The SPAM Problem
By: Steven McIntosh
December 6, 2003
UCCS-CS526
We’ve all been subject to spam at one point or another in our travels on the Internet. It’s that ever elusive bug that advertises everything from pornography to get rich quick schemes and prescription free meds. The problem with spam is its cost. It’s virtually free advertising for companies whose services the spam advertises, at the cost of billions to businesses and consumers. Radicati Group says spam will cost companies $20.5 billion in 2003 and that by 2007 businesses will be forking over nearly 10 times that amount of money, or $198 billion, to battle spam. Jupiter Research says U.S. e-mail users received more than 140 billion pieces of spam in 2001 and an estimated 261 billion pieces in 2002 — an 86 percent increase. AOL says it blocks 2.3 billion spam e-mails every day. BellSouth says spam will soon add $3 to $5 to each customer’s monthly bill. The cost is staggering and the statistics go on and on.
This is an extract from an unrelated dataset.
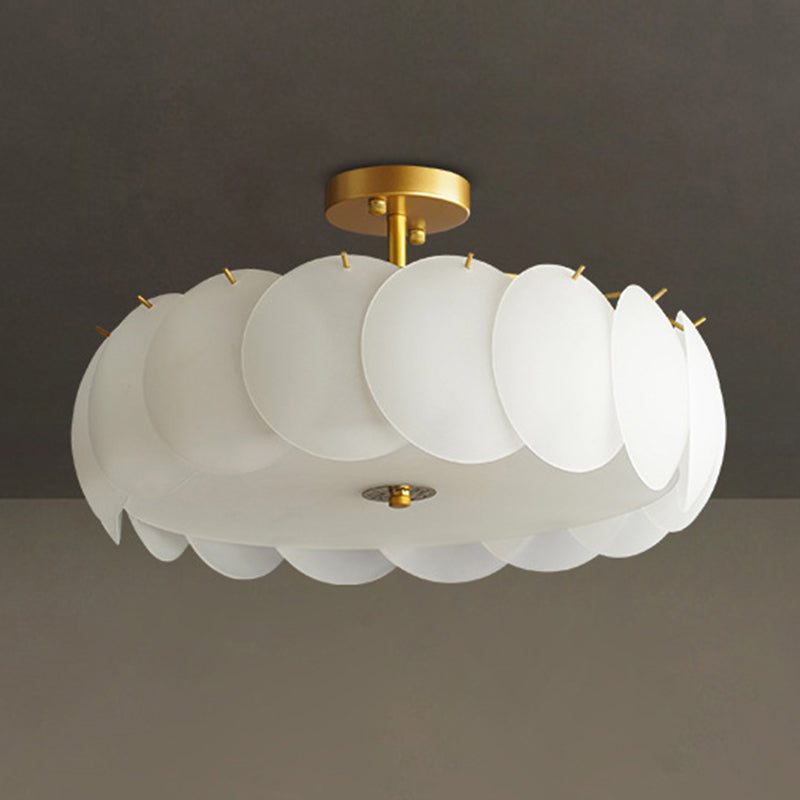 Modern Style Drum Shape Flush Mount Glass Ceiling Light for Living Room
The hardest part companies and the government are finding in fighting spam is defining what it actually is. There is some debate about the source of the term, but the generally accepted version is that it comes from the Monty Python song, "Spam spam spam spam, spam spam spam spam, lovely spam, wonderful spam…" Like the song, spam is an endless repetition of worthless text. Another school of thought maintains that it comes from the computer group lab at the University of Southern California who gave it the name because it has many of the same characteristics as the lunchmeat Spam:
- Nobody wants it or ever asks for it.
- No one ever eats it; it is the first item to be pushed to the side when eating the entree.
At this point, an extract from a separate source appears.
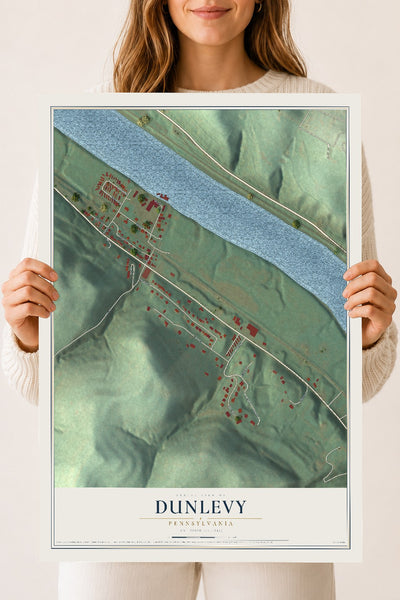 Map of Dunlevy, Pennsylvania, 18 x 24 inch unframed archival matte print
- Sometimes it is actually tasty, like 1% of junk mail that is really useful to some people.
It can’t be defined as merely unsolicited E-mail, because when an old friend or family member finds your e-mail address and decides to send you a note, it’s unsolicited, but we all want to receive those letters. About.com defines the problem this way:
While most e-mail users think they know spam when they see it, it has proven surprisingly difficult to define. Some of the most-common definitions being bandied about in connection with plans to regulate spam are: unsolicited commercial e-mail (UCE), which excludes unsolicited political messages and possibly outright fraudulent ones; unsolicited bulk e-mail (UBE); unsolicited commercial bulk e-mail (UCBE); and unsolicited electronic mail solicitations (UEMS), which would include even single unsolicited e-mails. Many e-mail marketers prefer a definition that would require unsolicited messages to be fraudulent, deceptive or objectionable before they would be considered spam.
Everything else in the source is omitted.